February was not kind to former House Speaker Newt Gingrich. He fared badly in the balloting, and his monthly fundraising fell by nearly half — to just $2.6 million.
Green says it's a tale of two different kinds of campaigns: Romney has a traditional campaign, based on big donors. Santorum and Gingrich do not.
But Green says that's not the fatal flaw that it used to be. "It's who has enough money. And at least Sen. Santorum, up to this point, has been able to raise enough money, even though he's running behind Gov. Romney, to sort of keep the campaign going," he says.
And here's an even sharper twist to the story: When it came to small donors — those who gave $200 or less — the powerful Romney fundraising machine collected less than Santorum, or even Gingrich.
Sheila Krumholz, director of the nonpartisan Center for Responsive Politics, which tracks political money, says "it's amazing that the raw dollars are lower."
"Small, kind of that grassroots fundraising has always been a weakness for the Romney campaign," she says.
The campaign claims confidence in its base of donors who give the maximum $2,500 contributions.
Krumholz has her doubts. "There will come a time when it's harder and harder to find those deep pockets," she says. "I think in this day and age, a successful campaign has to figure out the calculus for online small donations."
Small Donors Vs. SuperPACs
And one campaign that's focused like a laser on Internet giving is President Obama's.
His re-election operation raised $45 million in February — a big increase from January, due to a stepped-up fundraising schedule by the president.
Those high-dollar events drove down the percentage of money from small donors. But still, so far in this election cycle, the Obama campaign has raised nearly as much from small donors as the Romney campaign has raised, period.

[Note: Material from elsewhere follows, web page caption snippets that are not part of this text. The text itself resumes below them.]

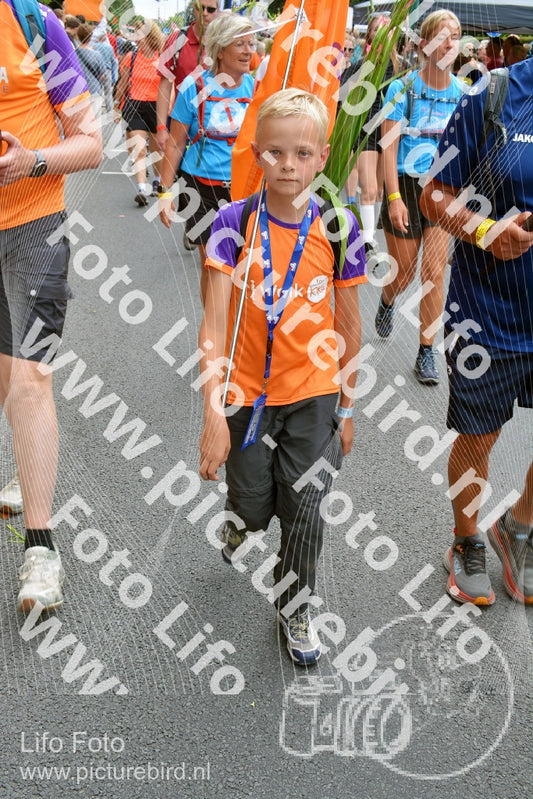 Evenement foto: Nijmeegse Vierdaagse 993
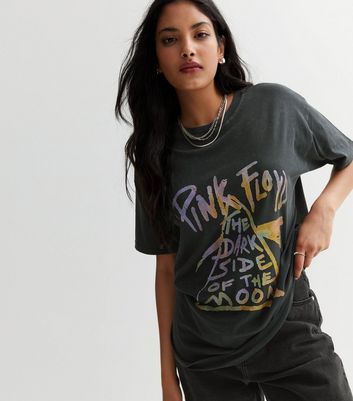 Pink floyd t shirt damen sale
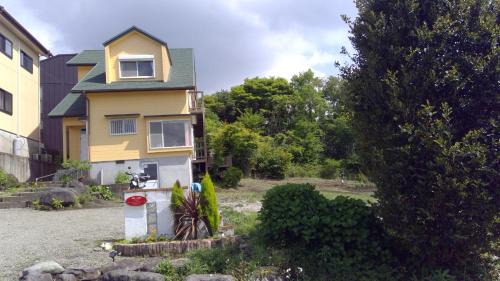 Kirishima House | Healing space tajima Shinmoe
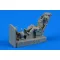 Aerobonus US Navy fighter pilot with ejection seat 1:48 (480.075)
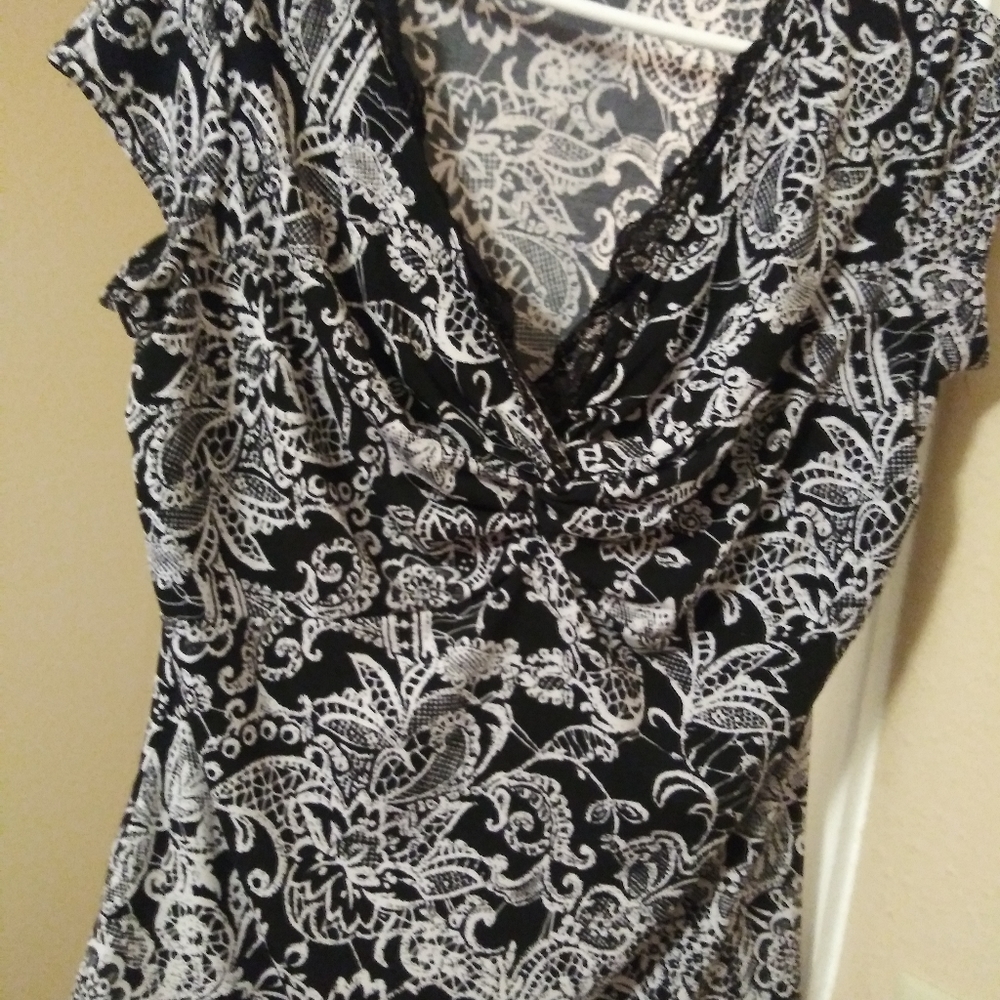 Women blouse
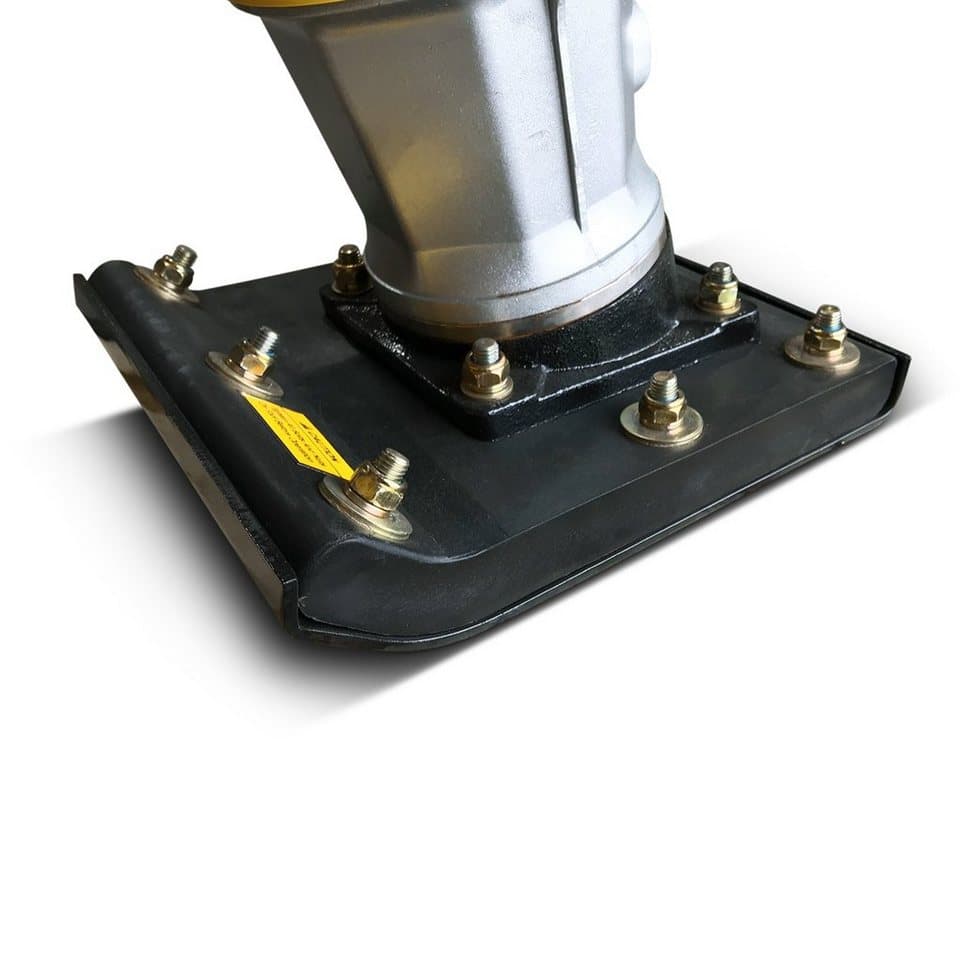 BAMATO Vibrationsstampfer V-85G, 2-tlg., inklusive Fahrwerk - Thumbnail 3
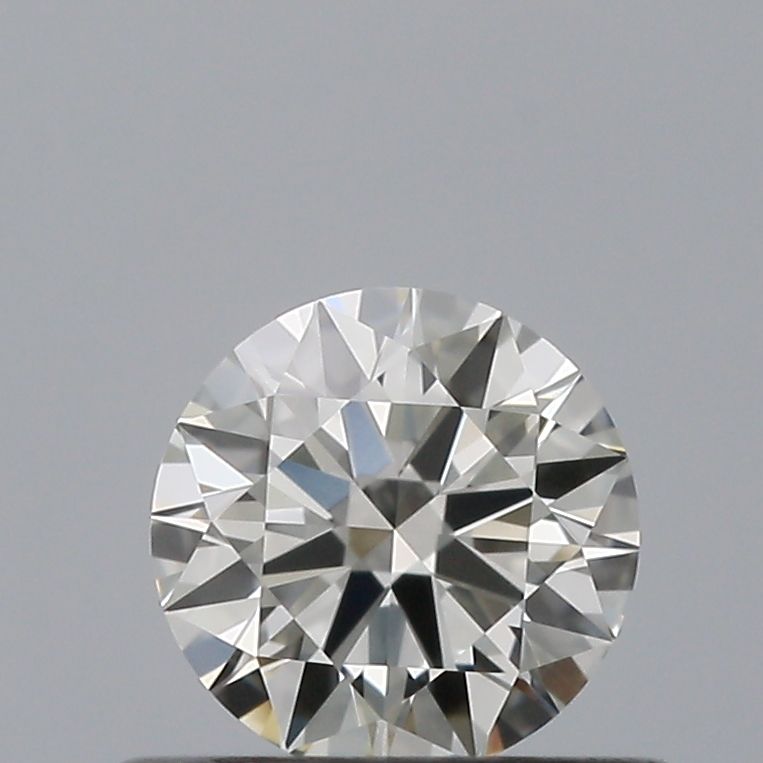 Diamond Natural 0,4Ct K-VVS2 Round - GIA6542449971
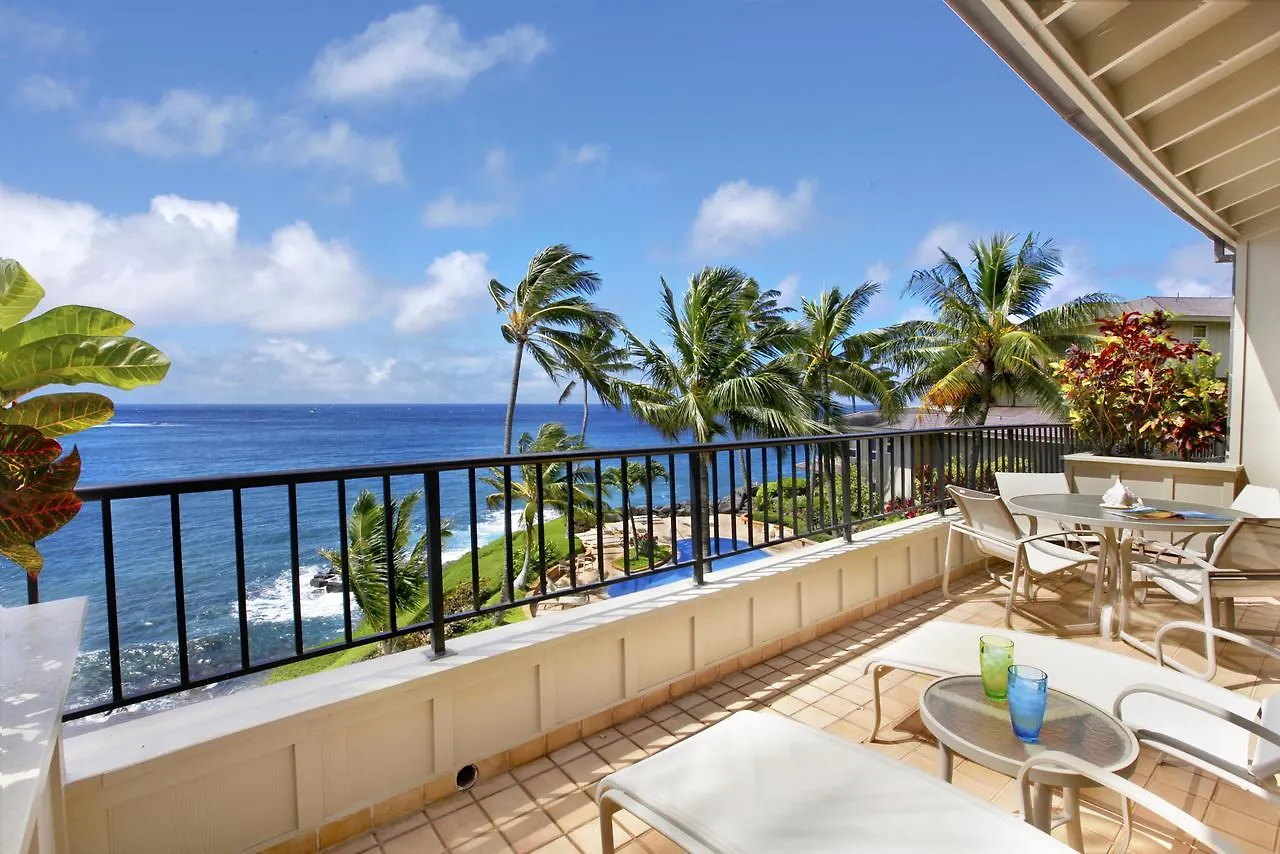 Whalers Cove In Poipu Aparthotel Koloa 3*,  United States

But this is a year when thousands of small donors can be balanced out by superPACs that raise unlimited contributions.
"Such a tiny pool, about 100 donors, give 80 percent of the contributions to all superPACs," Krumholz says.
So the pro-Romney superPAC finished February with $10.5 million in the bank, even though it's been spending — mostly on attack ads — at twice the rate of its fundraising.
Bob Perry of Texas — a generous donor to conservative causes — gave $3 million.
But Green, the political scientist, says the superPACs opposing Romney actually have more impact.
"The superPACs have, up to this point, been even more important for Romney's rivals, for Santorum and Gingrich in particular, because those superPACs have been able to keep those campaigns operating in key states," Green says.
The filing by Winning Our Future, the superPAC backing Newt Gingrich, shows that it's gotten 85 percent of its money overall from Las Vegas billionaire Sheldon Adelson and his family.
The Red, White & Blue Fund, supporting Santorum, picked up a million dollars from Annette Simmons. Her husband, Texas investor Harold Simmons, has given to the superPACs supporting both Romney and Gingrich.
And the pro-Obama superPAC, called Priorities USA Action, showed signs of life: It raised just over $2 million. About half of that came from one donor — comedian Bill Maher.